He got up before she had a chance to answer, and left behind a stack of papers, both printed and handwritten, highlighted and underlined in several colors.

"'Cause I didn't have enough reading assignments already, without this exercise in crazy," Taylor thought. She glanced over the top paper, covered in a fine print that seemed to incorporate some vaguely mathematical formulas, and decided the guy was not all there, and maybe dangerously so, well with this stalking obsession of his, and decided that she should go to the student counsel at her earliest convenience and ask for a room change.

Days passed, and in the rush of classes, assignments and social activities, the doors, the notes and her potentially unstable neighbor fell to the wayside. She was kind of surprised when he didn't show up at four to disturb whatever activity she happened to be engaged in at the time, and she was even more surprised to notice that the door in the wall between the rooms was gone. She thought she might have dreamed or hallucinated the whole thing, felt glad that the uncomfortable occurrences were a thing of the past and focused on her school work. After a while she found the notes which she had mixed up with those from one of her biology classes, thought they were part of that class syllabus and studied them in detail.

She was kind of surprised as of why she had to learn about the folding of hyperspace and wave harmonics in the middle of a course on phenotypic plasticity and polyphenism, but because she had taken the criticism about her lack of discipline to heart, she did her best to cover the material, even if she hardly understood any of it. She just hoped that whatever this was about would not show up on the midterm, filled in the questionnaire to the best of her abilities and called it done.

The following morning the first thing she saw when she opened her eyes was the damned door on the wall in front of her.

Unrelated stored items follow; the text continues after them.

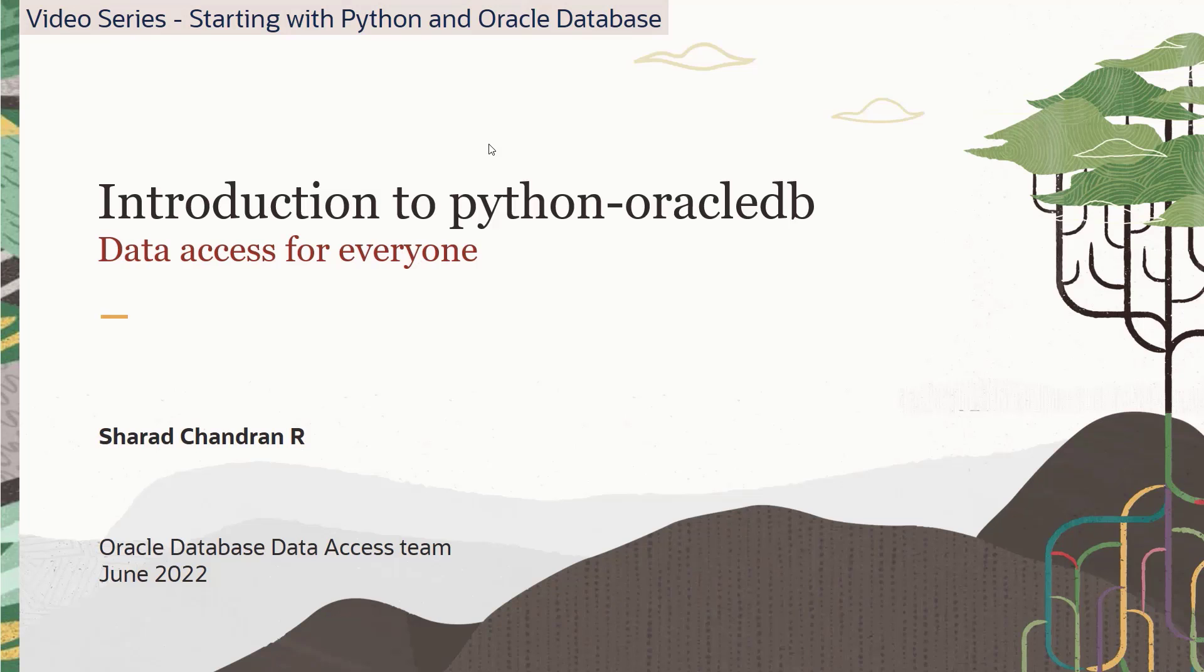Hello everyone. Welcome to the video series starting with Python and Oracle database. In this video series, we'll introduce you to our latest major release of Oracle's Python interface or driver to Oracle database called Python Oracle DB.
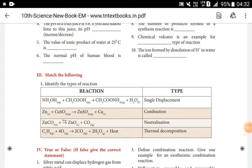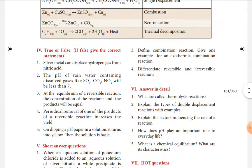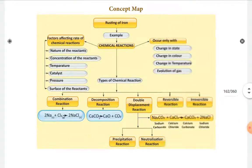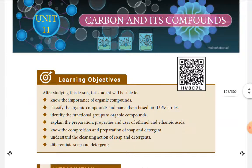Hi guys, my dear students of 10th standard, I welcome you all in the name of Almighty Father to continue learning more about carbon and its compounds. Already we have started, and we have to read and learn the next topic in carbon and its compounds. Before that, we have to recall what we have learned in the previous session.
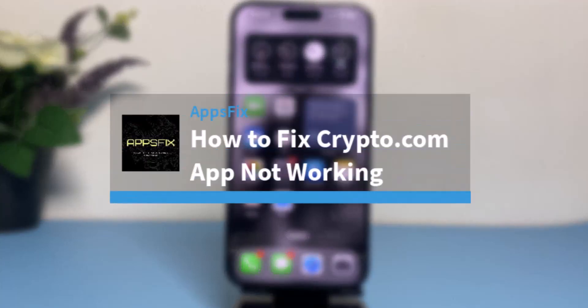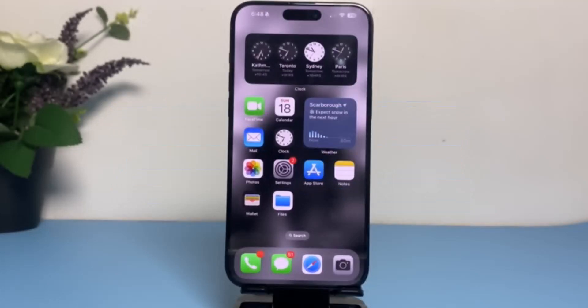How to fix the Crypto.com app not working. Hey everyone, welcome back to another tutorial video. In today's video, I'll show you how you can fix the Crypto.com app not working. There may be various reasons as to why this problem may arise.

"Oh, God, please make it go away," she closed her eyes really tight, in the hope that when she opened them again the cursed door will be gone. Fifteen minutes later, it was still there, so she avoided staring at it the best she could, got ready for school and spent every spare minute with her friend Christine and her latest gossip.

On her way back to the dorm she rolled her fingertips over the little shard of concrete in her pocket and wondered what if any of that experience had been real, and if any if it had been, what kind of fool finds herself in Sydney in the blink of an eye and spends her entire time there crying and panicking, instead of looking around and enjoying the view. She vowed that the next time she found herself accidentally stranded in Zanzibar, or Phuket, or some other equally exotic destination, she wasn't going to repeat that mistake.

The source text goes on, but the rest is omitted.